Input Block Start

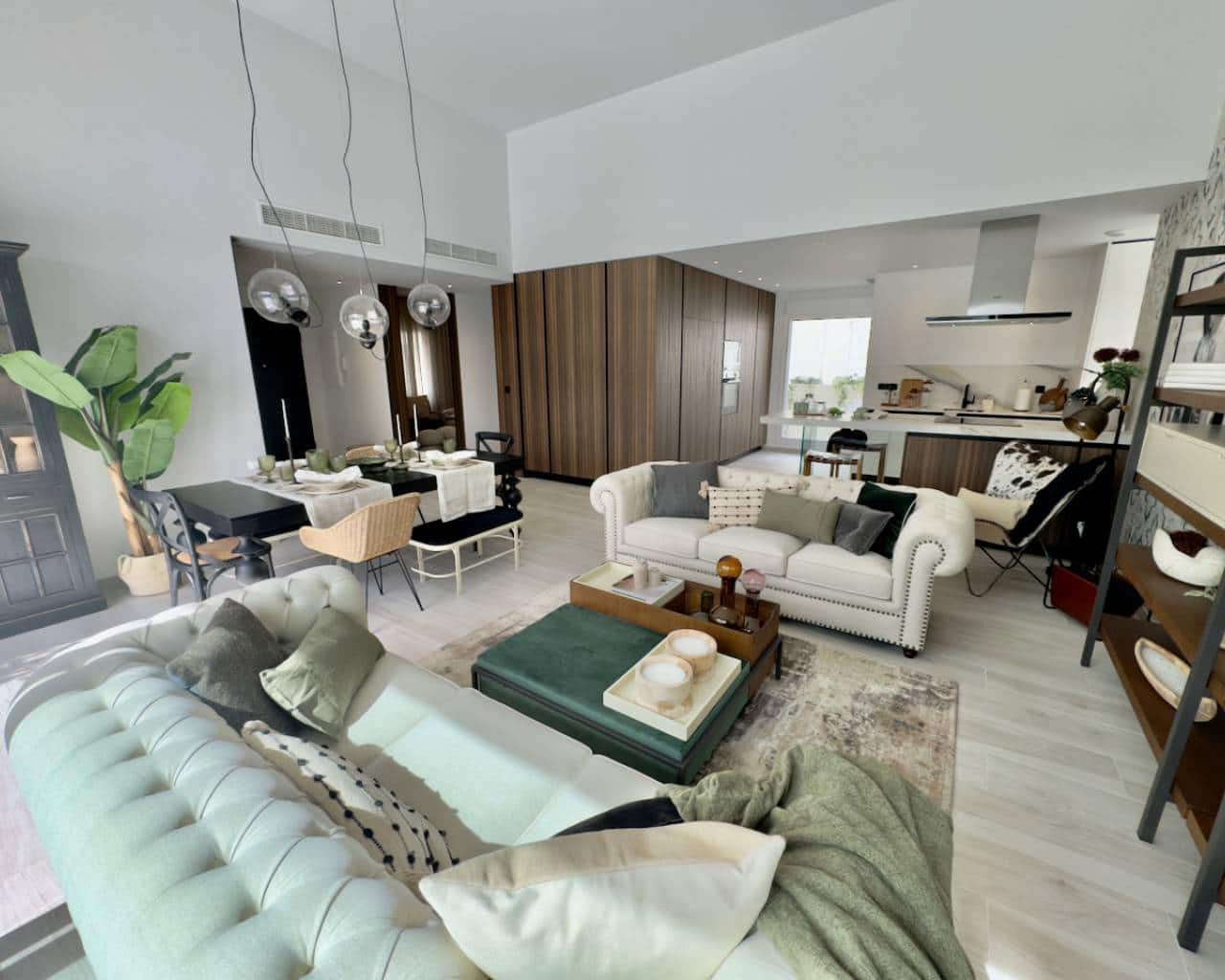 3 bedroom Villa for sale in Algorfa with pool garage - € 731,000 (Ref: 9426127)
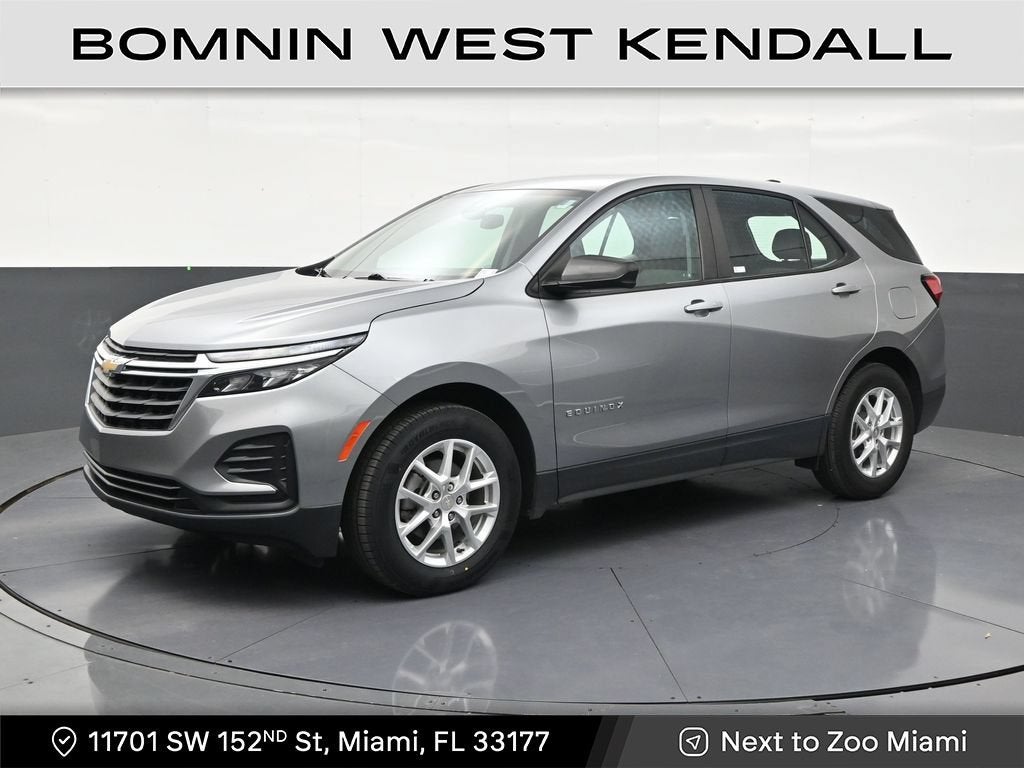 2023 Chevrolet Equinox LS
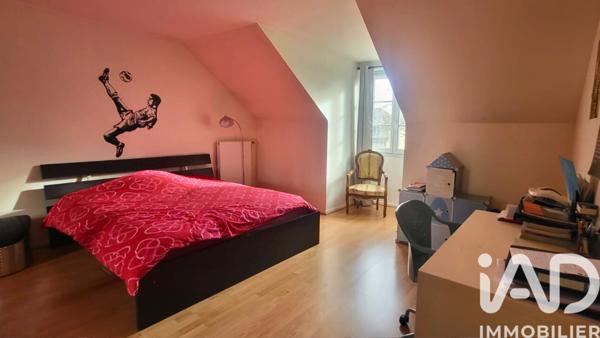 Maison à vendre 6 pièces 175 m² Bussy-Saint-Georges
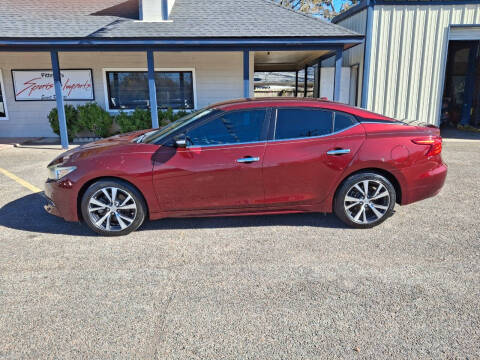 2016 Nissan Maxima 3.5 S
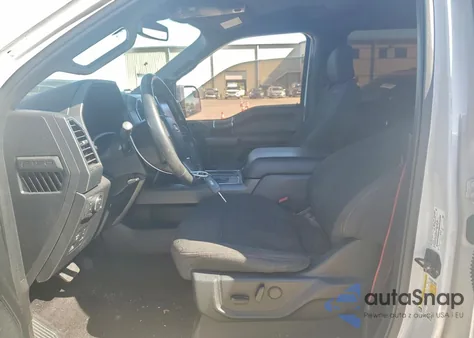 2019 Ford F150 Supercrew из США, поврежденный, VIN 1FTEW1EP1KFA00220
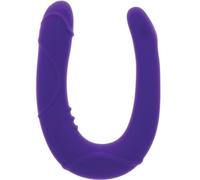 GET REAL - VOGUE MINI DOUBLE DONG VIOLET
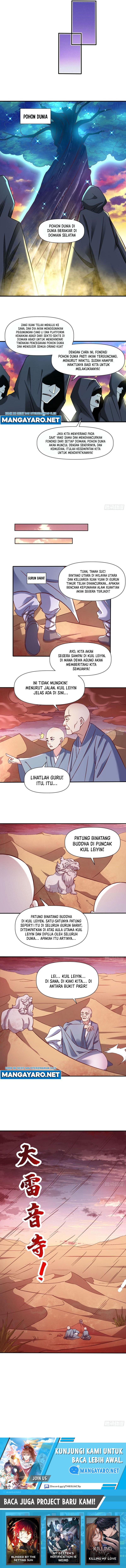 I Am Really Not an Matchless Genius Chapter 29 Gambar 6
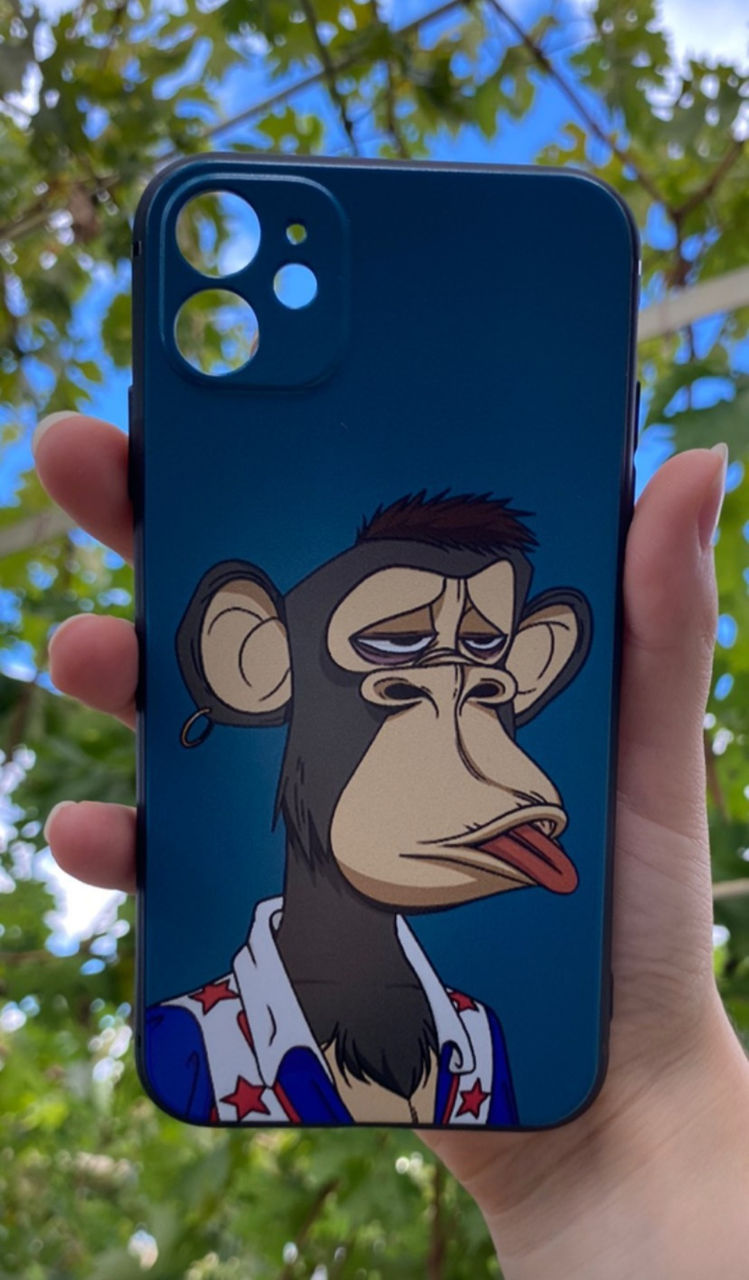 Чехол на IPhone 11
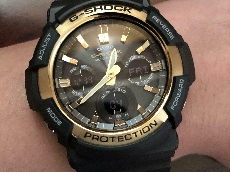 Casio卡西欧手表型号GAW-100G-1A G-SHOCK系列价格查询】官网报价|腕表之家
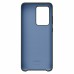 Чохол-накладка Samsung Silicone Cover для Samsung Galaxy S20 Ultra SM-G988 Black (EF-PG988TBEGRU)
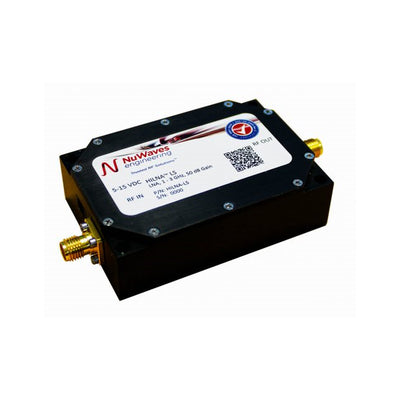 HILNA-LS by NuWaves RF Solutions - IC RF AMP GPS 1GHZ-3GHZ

Input Block End

> [Your goal]: Retype, word for word, the lines from the one with "2019 Ford F150" through the last line of the entries above, and only those lines. Leave pictures out.

> [Response to this task]:
 2019 Ford F150 Supercrew из США, поврежденный, VIN 1FTEW1EP1KFA00220
 GET REAL - VOGUE MINI DOUBLE DONG VIOLET
 I Am Really Not an Matchless Genius Chapter 29 Gambar 6
 Чехол на IPhone 11
 Casio卡西欧手表型号GAW-100G-1A G-SHOCK系列价格查询】官网报价|腕表之家
 Чохол-накладка Samsung Silicone Cover для Samsung Galaxy S20 Ultra SM-G988 Black (EF-PG988TBEGRU)
 HILNA-LS by NuWaves RF Solutions - IC RF AMP GPS 1GHZ-3GHZ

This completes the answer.